Tuesday 13 October 2015

Poor Angus

"Ye poore and ye dispossessed in the county of Forfarshire, writes ye Lorde Lieutenant, are starving. One hearth in three is living on less than three groats a week. Ye womenfolk and ye bairns are nae mair than bones, says milord Lieutenant."


If you had come across that in a 15th century tome written by the good Monk Bladderwick of Restenneth Priory you might not be surprised.

But this is a description of now. Of the brilliant, rich, productive, cultured 21st Century.

The 21st Century is brilliant for some, and bloody awful for others.

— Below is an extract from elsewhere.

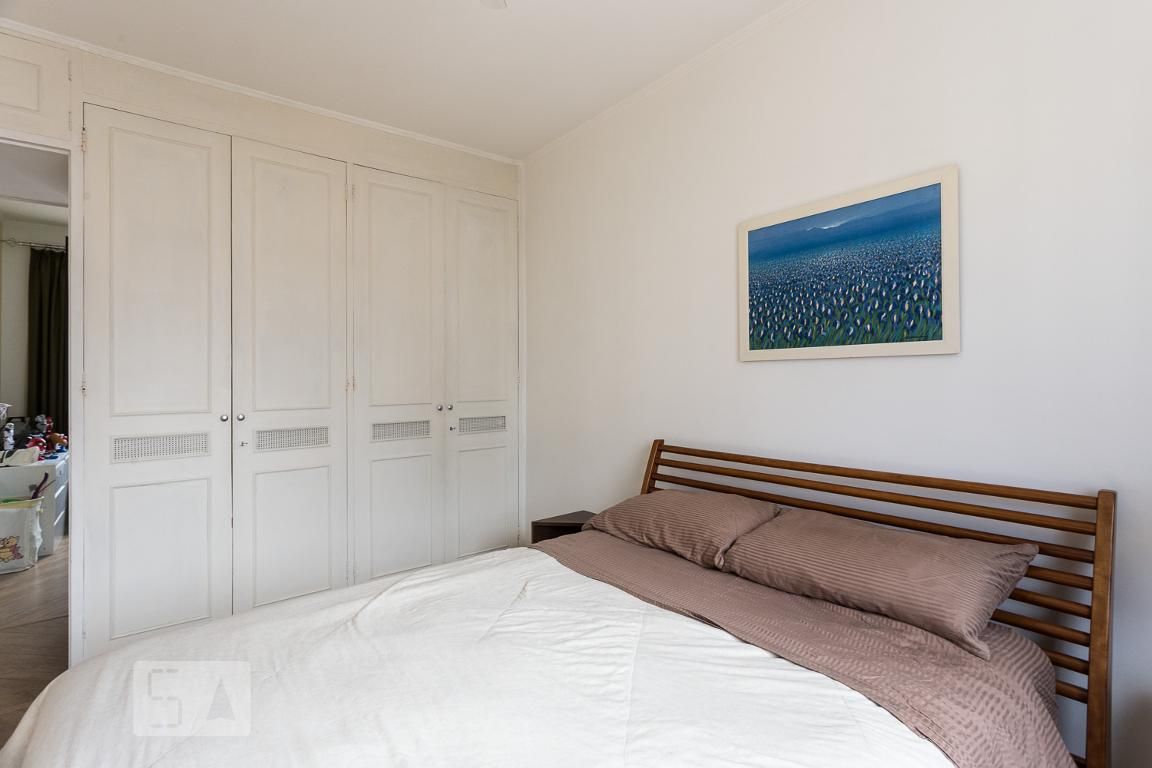 Apartamento, 2 quartos, 74 m² - Foto 18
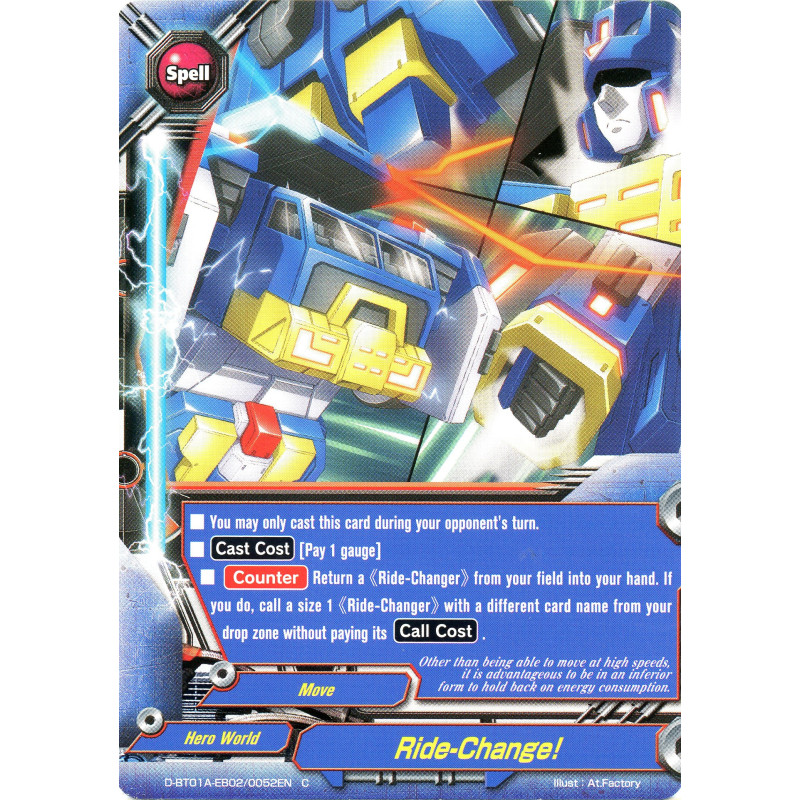 buddyfight-tcg-card-d-bt01a-eb02-0052en-c-ride-change-buddy-rave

A new report (featured in The National today) shows that in Angus (Forfarshire, as was) more than one in three jobs are paid less than the Living Wage. This is rural in-work poverty. Women are almost twice as likely as men to be paid below the Living Wage across the UK outside London, and 60% of young people age 18-24 are earning less than the Living Wage. People working in hotels, restaurants, shops and agriculture or fishing are all likely to be earning less. Put these factors together and you end up in one place, the county of Angus.



This is in the context that Scotland is doing better than the rest of the UK in reducing under-Living Wage jobs. In 2014, 19% of jobs in Scotland were below the Living Wage - compared with almost 26% in Yorkshire or the East Midlands. The Scottish Government has done well to promote the Living Wage.

But it is time to stop. Time to adjust our Scottish economy so that poor working people in Angus, East Renfrewshire and the rest of Scotland earn a decent wage. 

As always with poverty the fight is against a many-headed Hydra - education, legislation, tax and fiscal changes, benefits changes... It's a complex task requiring a clear political focus on poverty over a long period.  Westminster can't be bothered; Angus is a very, very long way away and anyway, their Tory votes are won in the South East (see map, above).

An independent Scotland could take that fight to the Hydra. It will require the brave hearts of all of Scotland.